> **The task**
Would you transcribe the line containing "2026년 종부세 세" and every line after it, through the end of the records below, exactly and with nothing else?

Entries taken from a collection
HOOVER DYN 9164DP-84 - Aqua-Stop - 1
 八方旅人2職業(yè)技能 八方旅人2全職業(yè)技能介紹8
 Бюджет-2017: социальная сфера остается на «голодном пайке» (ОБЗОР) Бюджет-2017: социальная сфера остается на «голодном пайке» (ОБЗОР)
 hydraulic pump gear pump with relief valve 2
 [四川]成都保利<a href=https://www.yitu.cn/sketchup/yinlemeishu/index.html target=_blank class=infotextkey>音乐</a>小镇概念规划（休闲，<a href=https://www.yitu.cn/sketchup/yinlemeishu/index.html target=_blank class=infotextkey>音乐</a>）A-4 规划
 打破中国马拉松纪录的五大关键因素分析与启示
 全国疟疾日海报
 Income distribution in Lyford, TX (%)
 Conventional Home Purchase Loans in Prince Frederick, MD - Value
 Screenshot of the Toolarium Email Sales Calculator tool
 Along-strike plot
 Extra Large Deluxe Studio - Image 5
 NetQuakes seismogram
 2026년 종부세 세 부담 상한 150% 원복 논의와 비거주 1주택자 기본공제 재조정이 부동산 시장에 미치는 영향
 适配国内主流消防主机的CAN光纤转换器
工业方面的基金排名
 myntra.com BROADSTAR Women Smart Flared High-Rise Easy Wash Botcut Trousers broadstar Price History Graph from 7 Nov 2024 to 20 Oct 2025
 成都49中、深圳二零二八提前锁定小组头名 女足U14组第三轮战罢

> **Written solution**
 2026년 종부세 세 부담 상한 150% 원복 논의와 비거주 1주택자 기본공제 재조정이 부동산 시장에 미치는 영향
 适配国内主流消防主机的CAN光纤转换器
工业方面的基金排名
 myntra.com BROADSTAR Women Smart Flared High-Rise Easy Wash Botcut Trousers broadstar Price History Graph from 7 Nov 2024 to 20 Oct 2025
 成都49中、深圳二零二八提前锁定小组头名 女足U14组第三轮战罢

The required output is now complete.